Interpretive Summary: Atlantic sturgeon (Acipenser oxyrhinchus oxyrhinchus) populations have decreased drastically due to overfishing and loss of habitat. They are currently a Species of Concern and have been recently recommended for listing as endangered or threatened. The major hindrance to the ability of biologists to produce Atlantic sturgeon is the inability to have viable gametes of both sexes available simultaneously. In the absence of any published efficacious Atlantic sturgeon sperm cryopreservation protocols we evaluated experimental short-term storage protocols for liquid semen. Semen was collected from a total of four and five spermiating wild males captured on the spawning grounds of the Hudson River during the 2008 and 2009 spawning seasons, respectively. Semen samples were kept refrigerated (4 plus or minus 1 degree C) and stored in different gaseous atmospheres and storage extenders. Gas atmosphere environments included oxygen, nitrogen or air, while extender treatments included Modified Tsvetkova (MT), Park & Chapman (PC), or undiluted. Analyses of four response variables percent viable sperm (viability), percent motile sperm (motility), curvilinear velocity (VCL), and ATP content were determined on Day 0 (day of arrival in the laboratory), and then every other day for 7 d in 2008 and for 21 d in 2009. The best storage conditions were a 100% oxygen atmosphere or air in the PC extender. We conclude that for Atlantic sturgeon semen storage, PC was the extender of choice and semen could be stored in either 100% oxygen or a lesser amount of oxygen contained in air for up to 21 d with some expectation of fertility.

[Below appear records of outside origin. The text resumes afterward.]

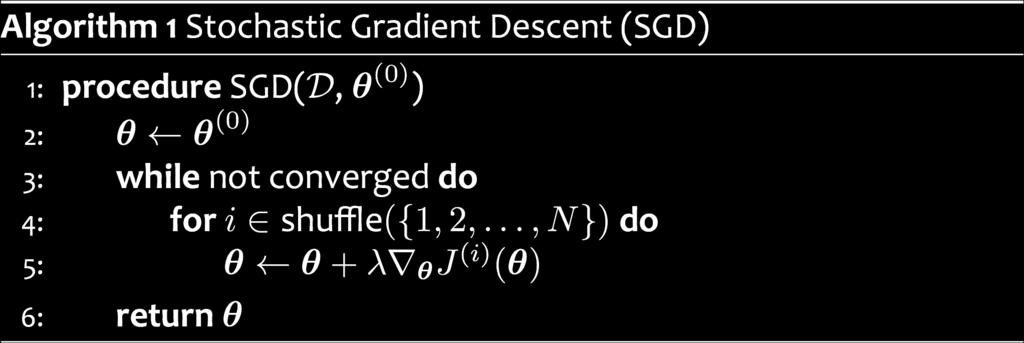 Stochastic Gradient Descent (SGD) We can also apply SGD to solve the MCLE problem for Logistic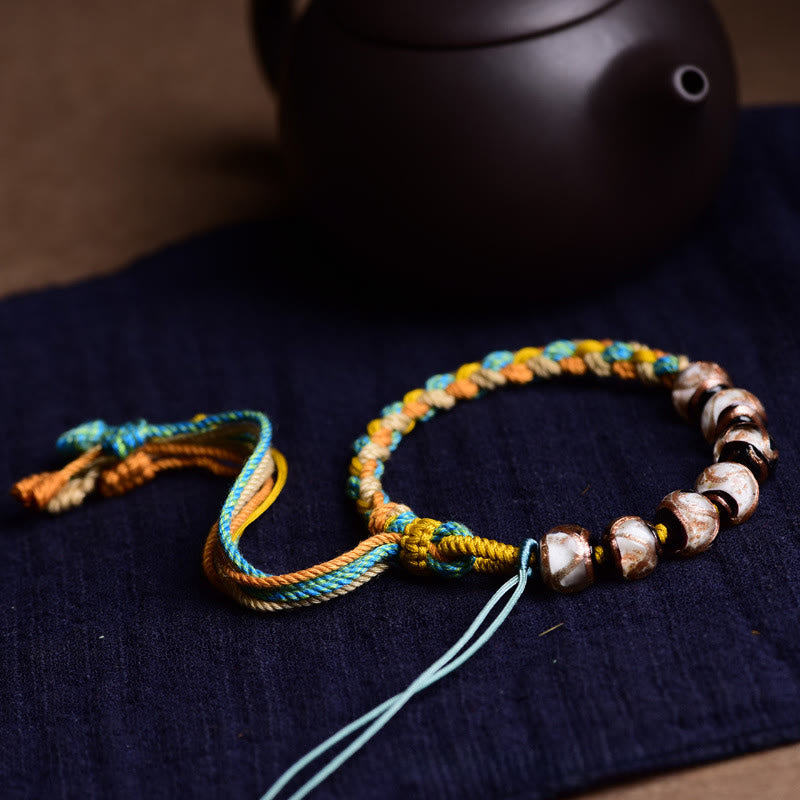 Nimara Ritual Tibet Liuli Glass Wishing Health And Safety String Bracelet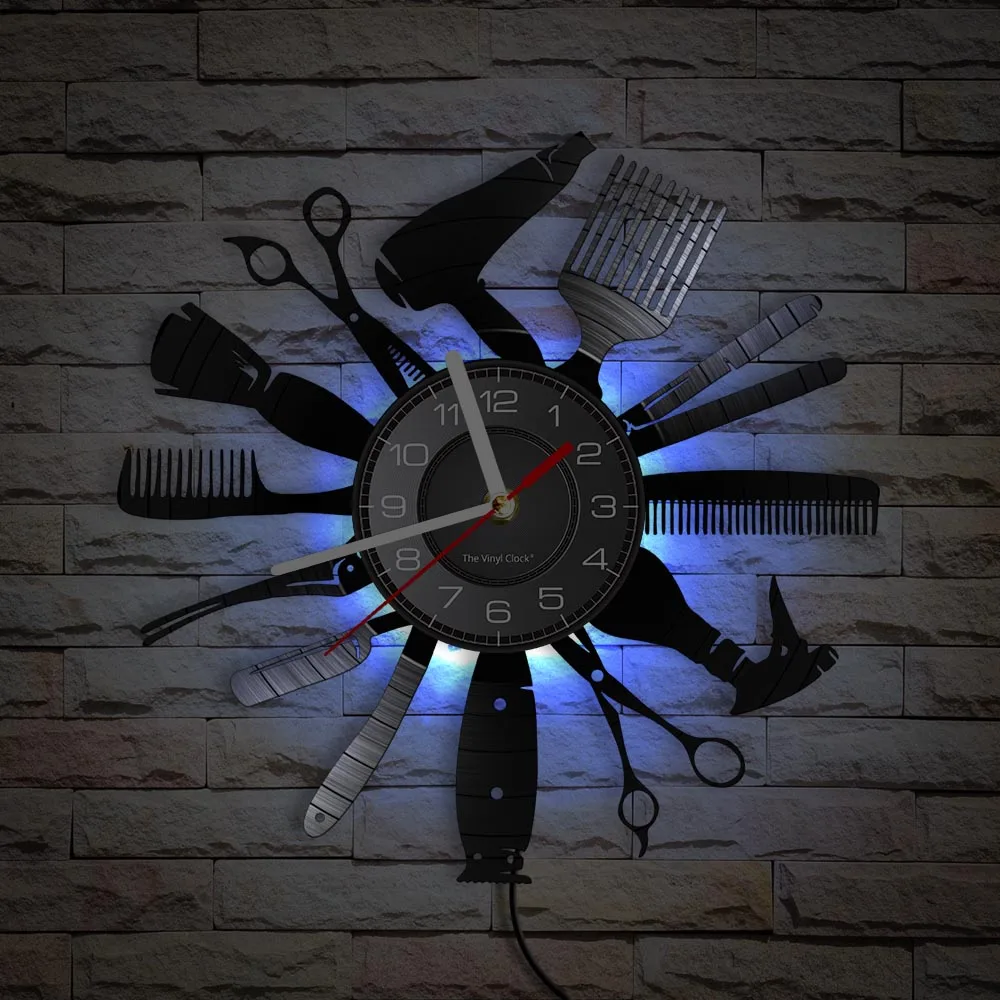 Hairdressing Tools Barber Shop Wall Clock Hair Salon Decor Color Changing Contemporary Hairdressing Watch Gift For Hairdressers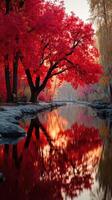 Vibrant autumn foliage reflects in a serene river during a peaceful sunset in a tranquil park setting photo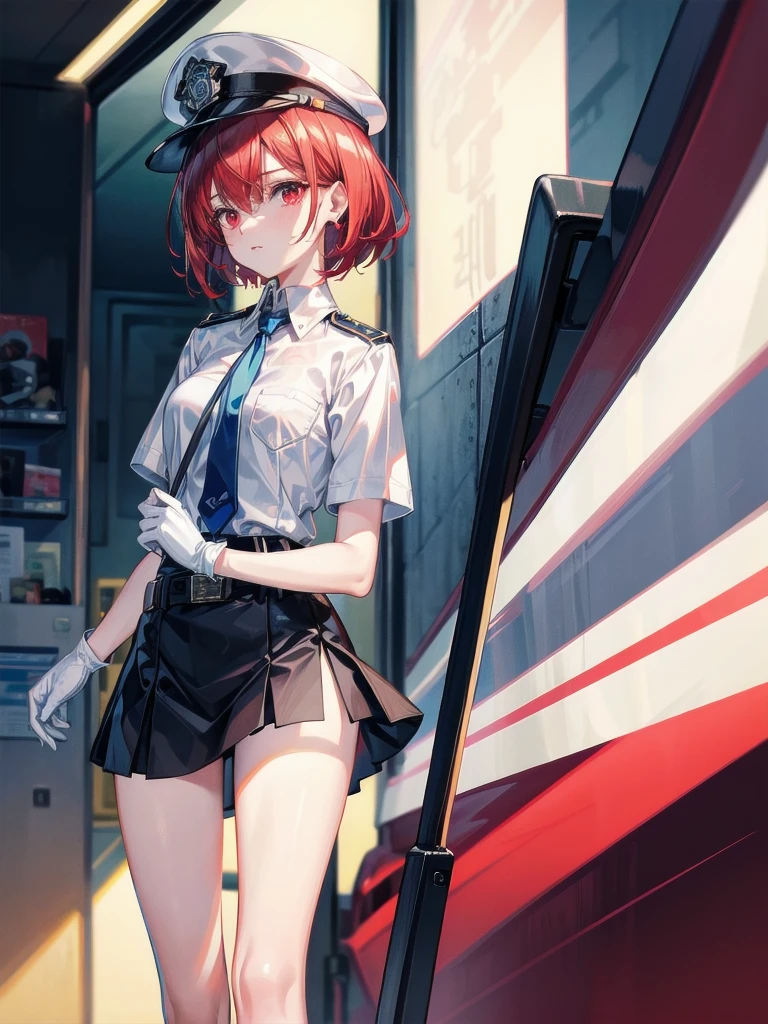 policewoman uniform, light blue short sleeved shirt, navy necktie, high waisted miniskirt, belt, white gloves, police hat, handcuffs, absurdres, RAW photo, extremely delicate and beautiful, masterpiece, Best Quality, ultra high resolution, 32k, hyperrealistic, ultra-detailed, detailed description, pale skin, 20 years old, tearful mole, earring, short medium hair, wavy hair, whole body shot, legs, Redhead, Red eyes,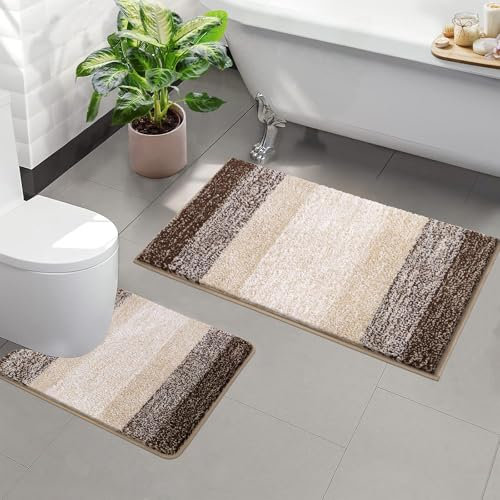 Enyhom Soft Bathroom Mat Set - 2 Piece Water Absorbent Bath Mats and Toilet Mat Set, Non Slip, Machine Washable, Coffee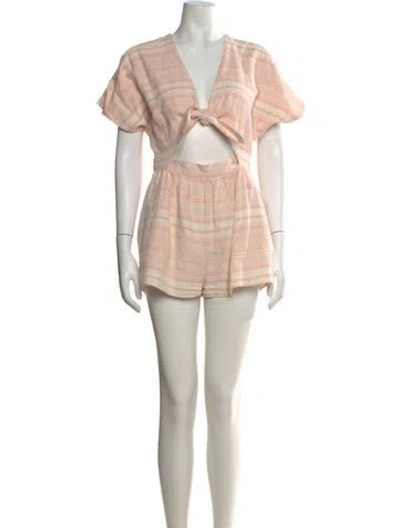 Pre-owned Mara Hoffman Striped V-neck Jumpsuit In Pink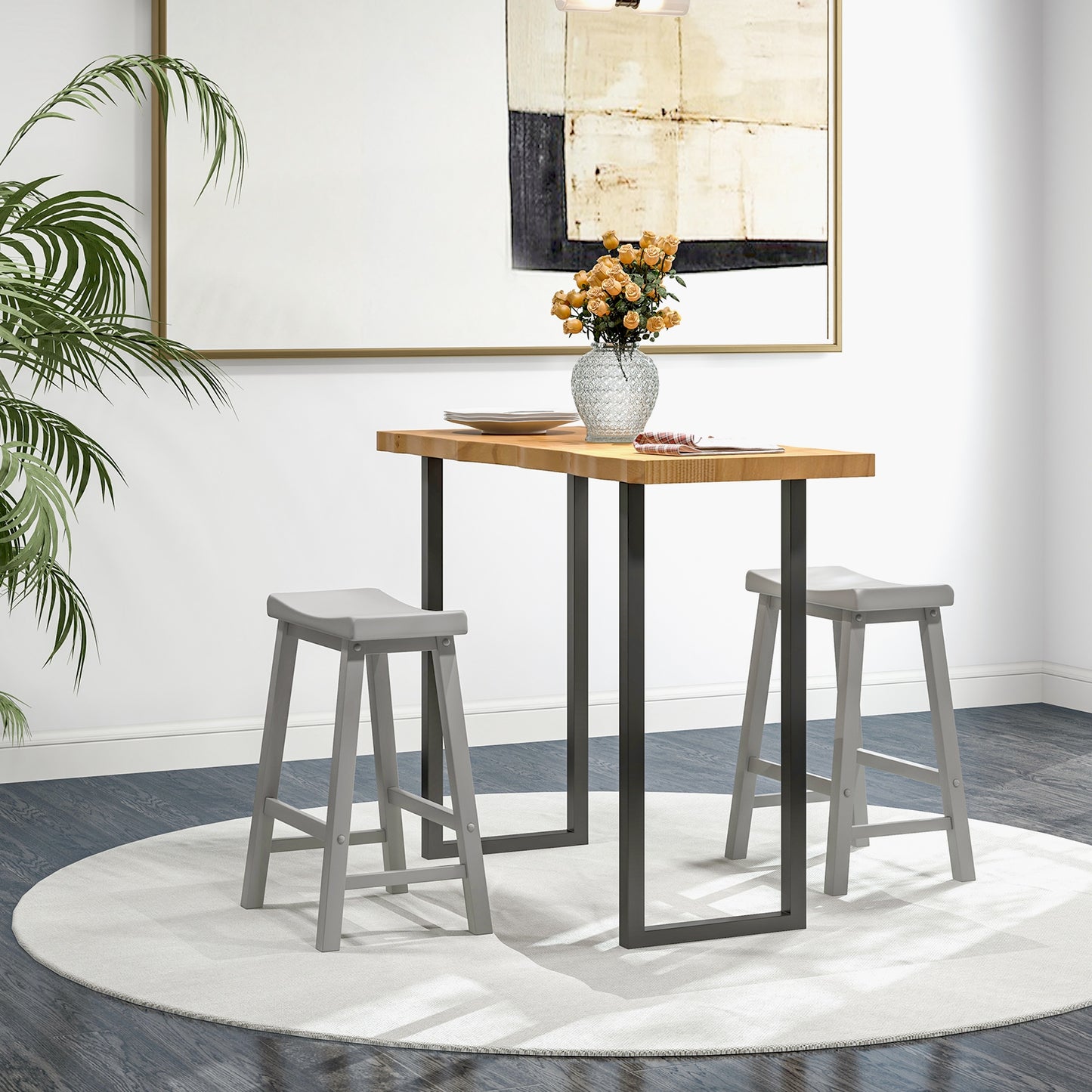 24 Inch Wooden Counter Stools Set of 2 with Curved Grey Seats and Footrests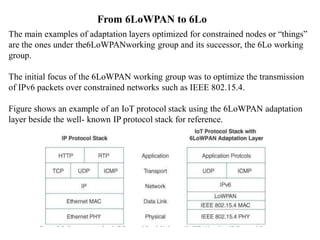 From 6LoWPAN to 6Lo
The main examples of adaptation layers optimized for constrained nodes or “things”
are the ones under the6LoWPANworking group and its successor, the 6Lo working
group.
The initial focus of the 6LoWPAN working group was to optimize the transmission
of IPv6 packets over constrained networks such as IEEE 802.15.4.
Figure shows an example of an IoT protocol stack using the 6LoWPAN adaptation
layer beside the well- known IP protocol stack for reference.
 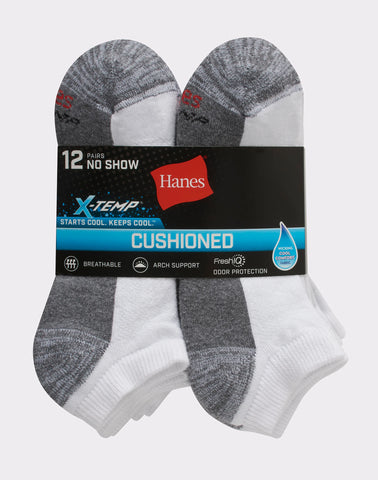 Hanes Men's Cushioned No Show Socks, X-Temp, 12-Pairs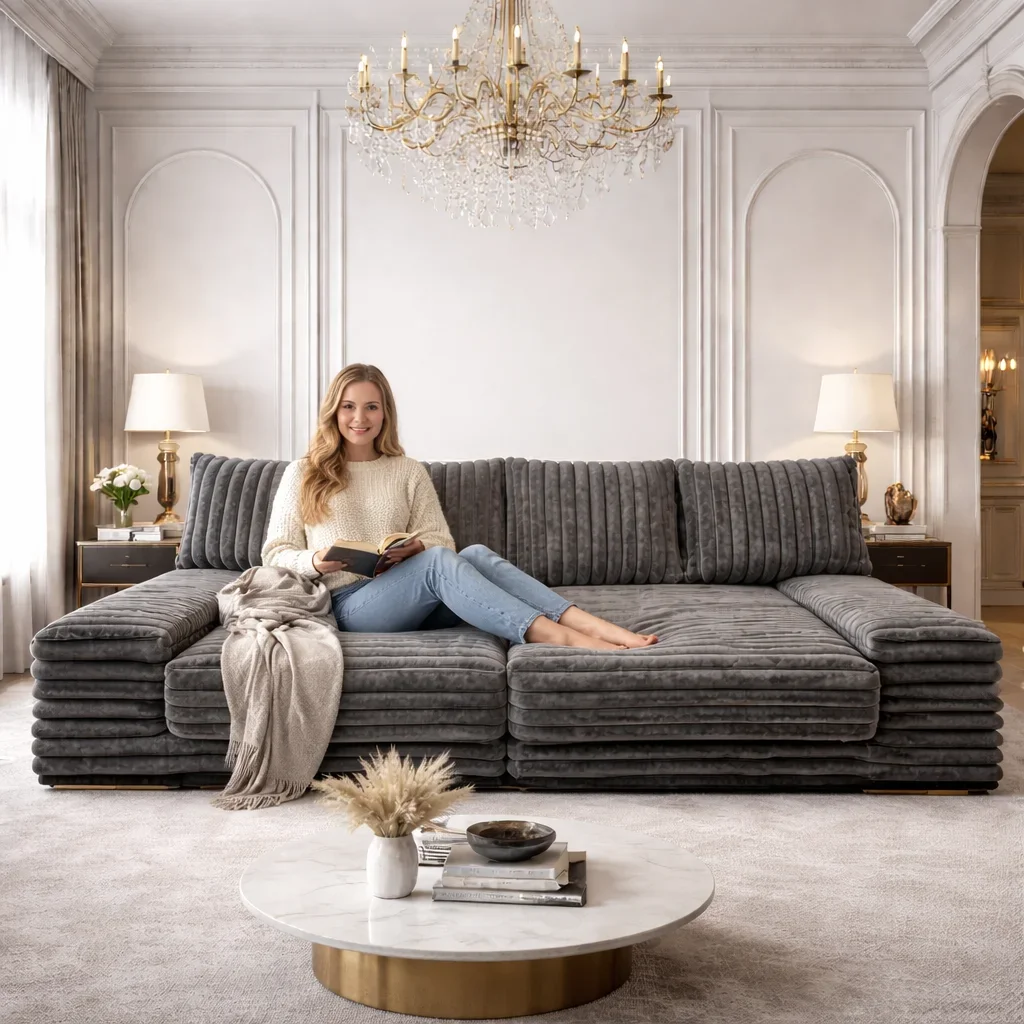 #Vacuum Compressed Sofa in Box Sponge Filled Modular Sectional Fabric Couch Apartment Living Room Seating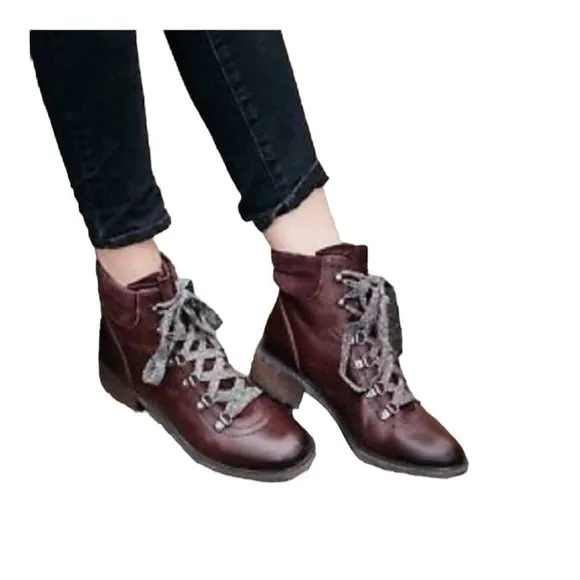 Sam Edelman | Size 7.5 Darrah Hiking Bootie Lace Up Block Heel Round Toe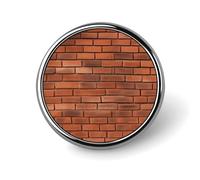Red Brick Wall Texture Badges Pin, Personalized Exquisite Round Badge, 1 Inch Button Pins for Women And Men, Decorative Metal Round Brooch for Clothing, Backpacks, And Hats
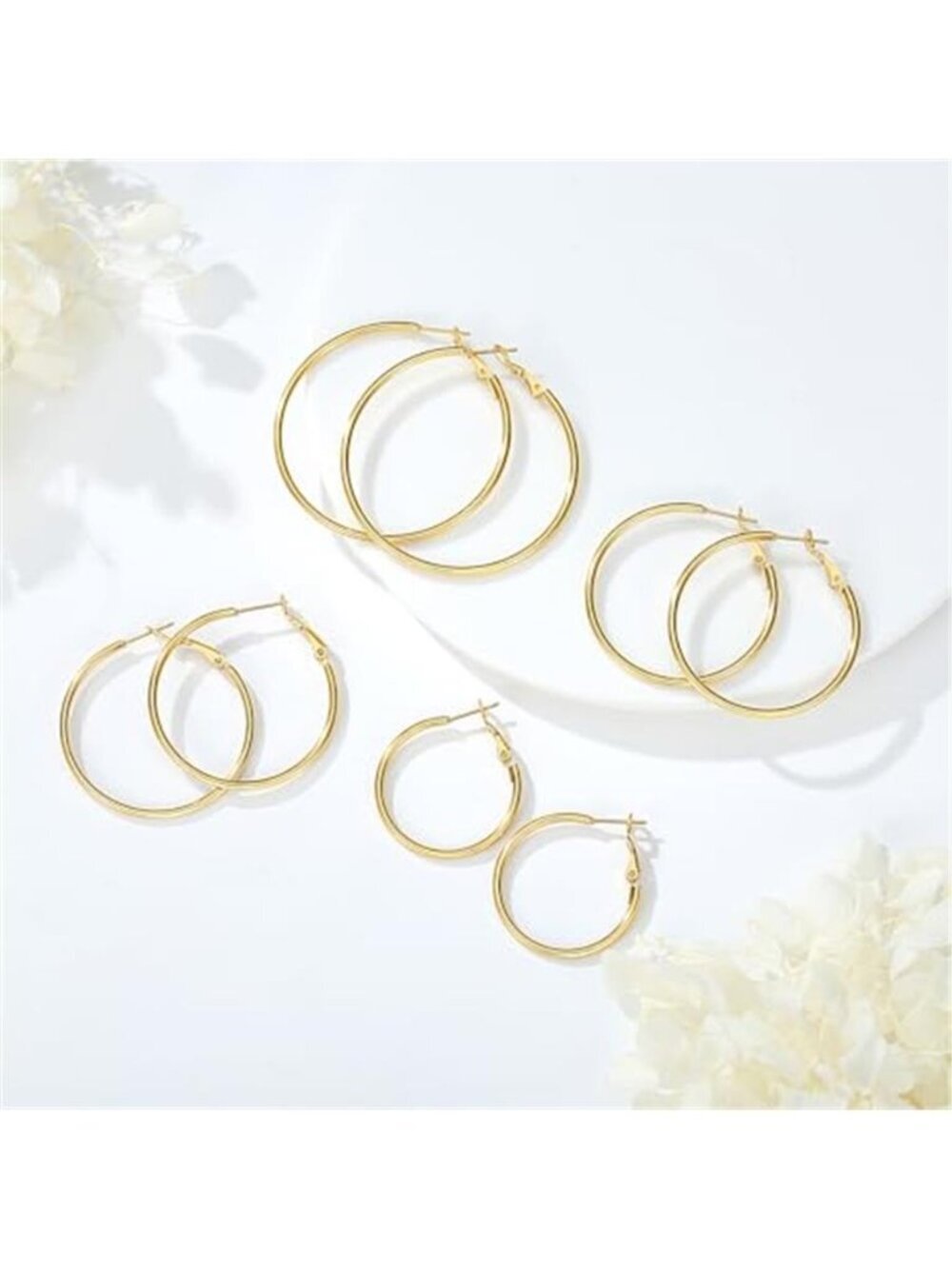 4 Pair 14K Gold Plated Hoop Earrings Set for Women Hypoallergenic Dangle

Technical Abstract: Short-term storage trials were conducted with Atlantic sturgeon semen collected from a total of nine wild males during the 2008 and 2009 spawning seasons on the Hudson River. Semen samples were kept refrigerated (4 plus or minus 1 degree C) and stored in different gaseous atmospheres and storage extenders. Gas atmosphere environments included oxygen, nitrogen or air, while extender treatments included Modified Tsvetkova (MT), Park & Chapman (PC), or undiluted. Analyses of four response variables percent viable sperm (viability), percent motile sperm (motility), curvilinear velocity (VCL), and ATP content were determined on Day 0 (day of arrival in the laboratory), and then every other day for 7 d in 2008 and for 21 d in 2009. The experiments were conducted in a split-split-plot design to examine dilution treatment, gas atmosphere and repeated measures across days. Linear analysis of covariance models were fit to the data (after appropriate transformation) using SAS v9.2 PROC GLIMMIX. Storage of sperm in an oxygen atmosphere was superior to nitrogen for all variables. Storage of semen in 100% or 21 % (air) oxygen in PC did not differ among variables except for viability; viability was maintained at > 95% through 13 d and decreased to 88% and 94% on Day 21 under 100% oxygen and air, respectively; during last five d survival in an air atmosphere was slightly better (P < 0.05) than for 100% oxygen (P < 0.05). Motility decreased during the 21 d of storage and the decline was greater (P < 0.05) in undiluted than in PC semen decreasing from 85% on Day 1 to approximately 21 and 47%, respectively, on Day 21. We conclude that for Atlantic sturgeon semen storage, PC was the extender of choice and semen could be stored in either 100% oxygen or a lesser amount of oxygen contained in air for up to 21 d with some expectation of fertility.